Records contained in a dataset
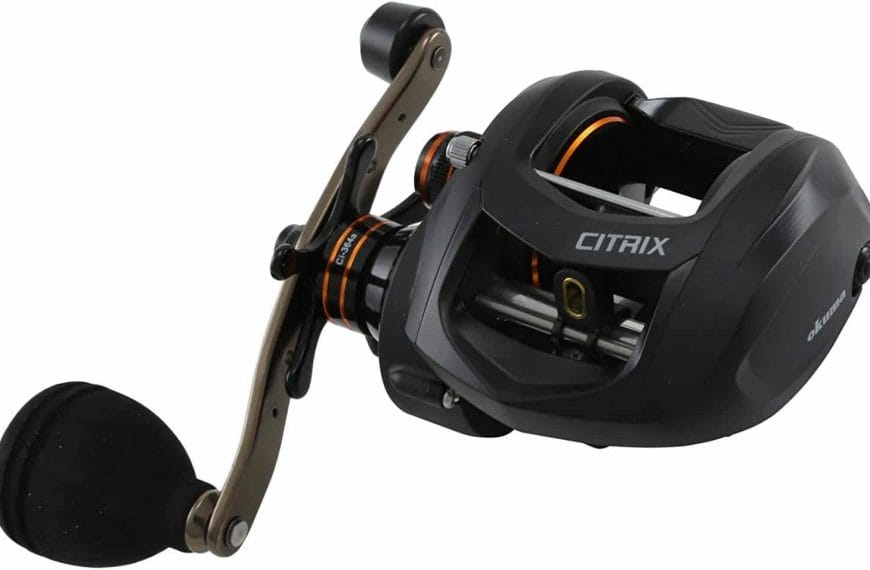 best swimbait reel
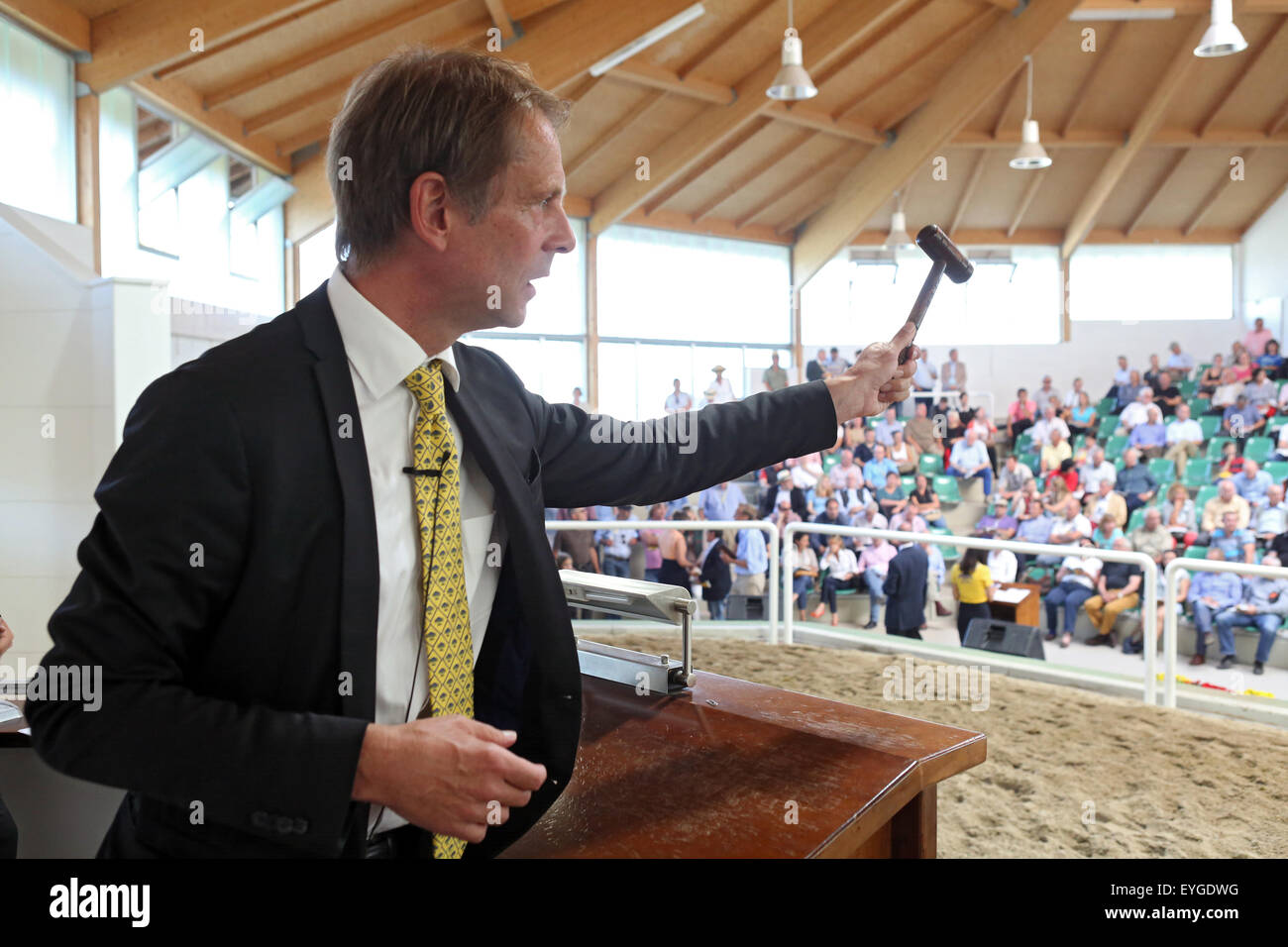 Iffezheim, Germania, banditore Daniel Delius al lavoro Foto Stock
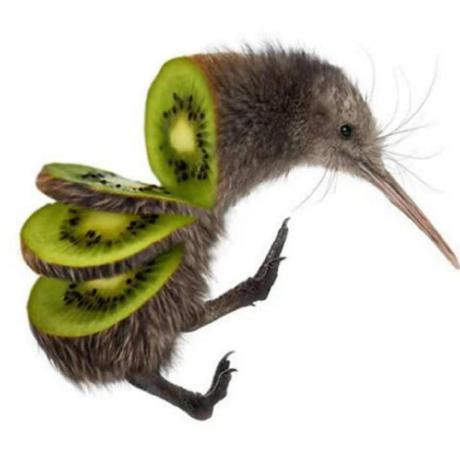 liangjs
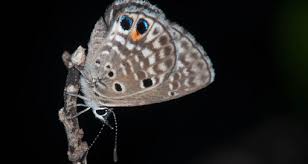 Attēlu rezultāti vaicājumam “Polyommatinae”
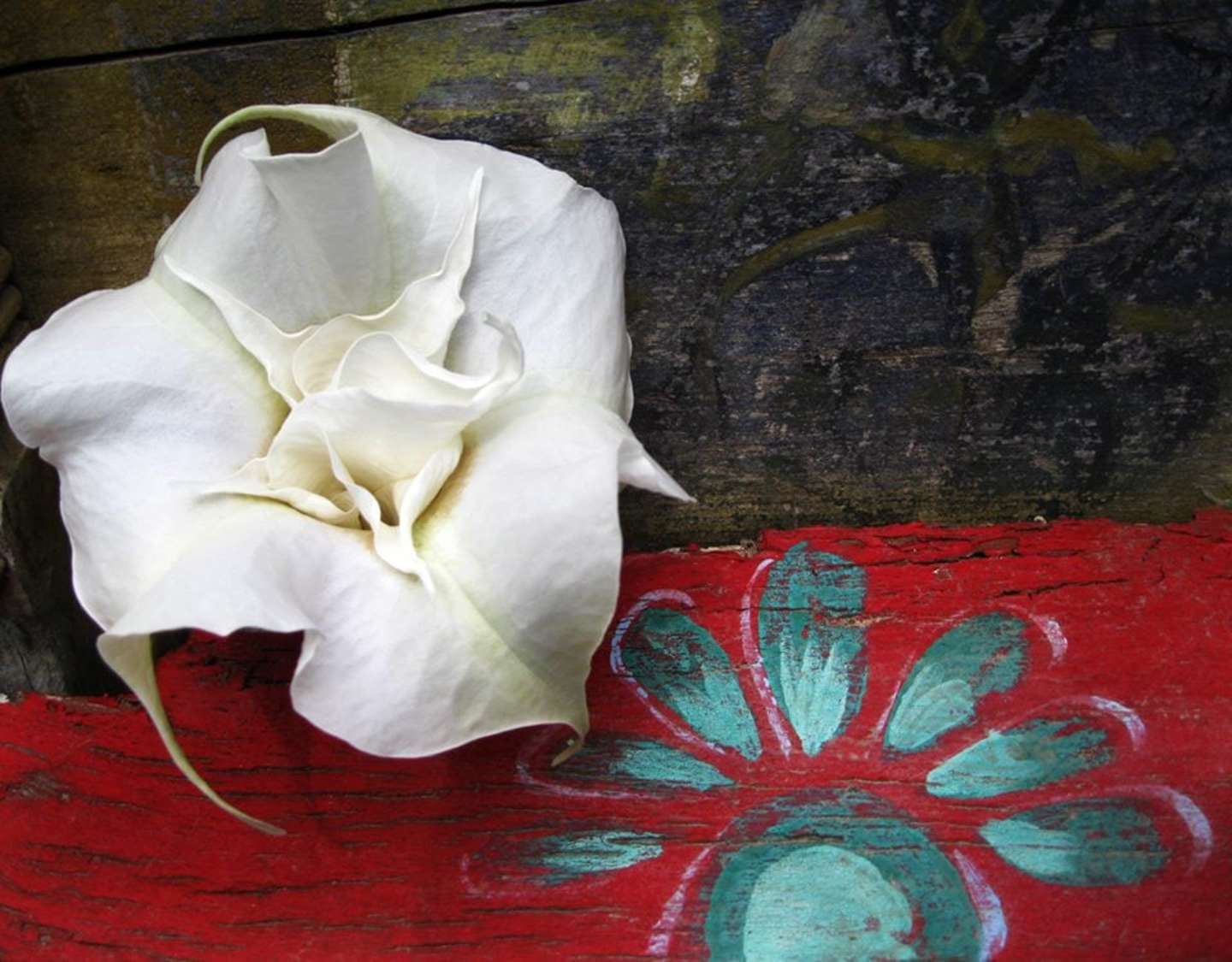 A large, white rose sits atop a vibrant red surface, contrasting with the dark, mossy background.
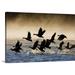 Great BIG Canvas | Canada Geese take flight on a misty winter morning Lynn Canal Southeast Alaska Winter Canvas Wall Art - 24x16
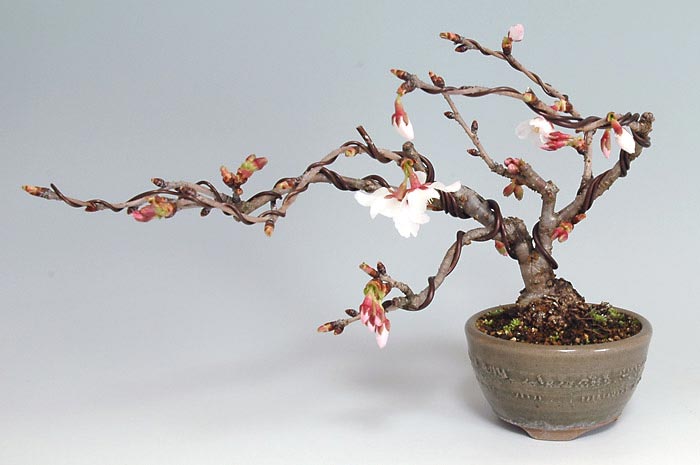 カンザクラA（かんざくら・寒桜）花もの盆栽の販売と育て方・作り方・Prunus kanzakura bonsai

### What this task involves
Restate exactly, please, only the lines between the start of the data and the line containing "Great BIG Canvas", both ends included, skipping the pictures.

### Answer to this problem
 best swimbait reel
 Iffezheim, Germania, banditore Daniel Delius al lavoro Foto Stock
 liangjs
 Attēlu rezultāti vaicājumam “Polyommatinae”
 A large, white rose sits atop a vibrant red surface, contrasting with the dark, mossy background.
 Great BIG Canvas | Canada Geese take flight on a misty winter morning Lynn Canal Southeast Alaska Winter Canvas Wall Art - 24x16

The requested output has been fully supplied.